*MATERIAL FOR THIS EXERCISE:*
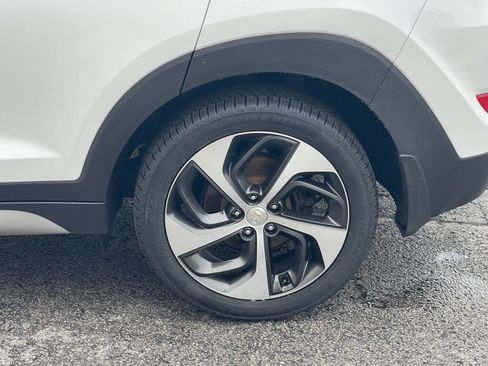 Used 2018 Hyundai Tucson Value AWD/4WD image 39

* * *

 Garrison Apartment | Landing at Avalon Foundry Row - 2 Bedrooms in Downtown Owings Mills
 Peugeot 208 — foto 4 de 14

*TASK OBJECTIVE:* Copy verbatim, from the listing above, each line from the one containing "Garrison Apartment |" down to the one containing "Peugeot 208 — foto 4 de 14", inclusive.

*TASK ANSWER:*
 Garrison Apartment | Landing at Avalon Foundry Row - 2 Bedrooms in Downtown Owings Mills
 Peugeot 208 — foto 4 de 14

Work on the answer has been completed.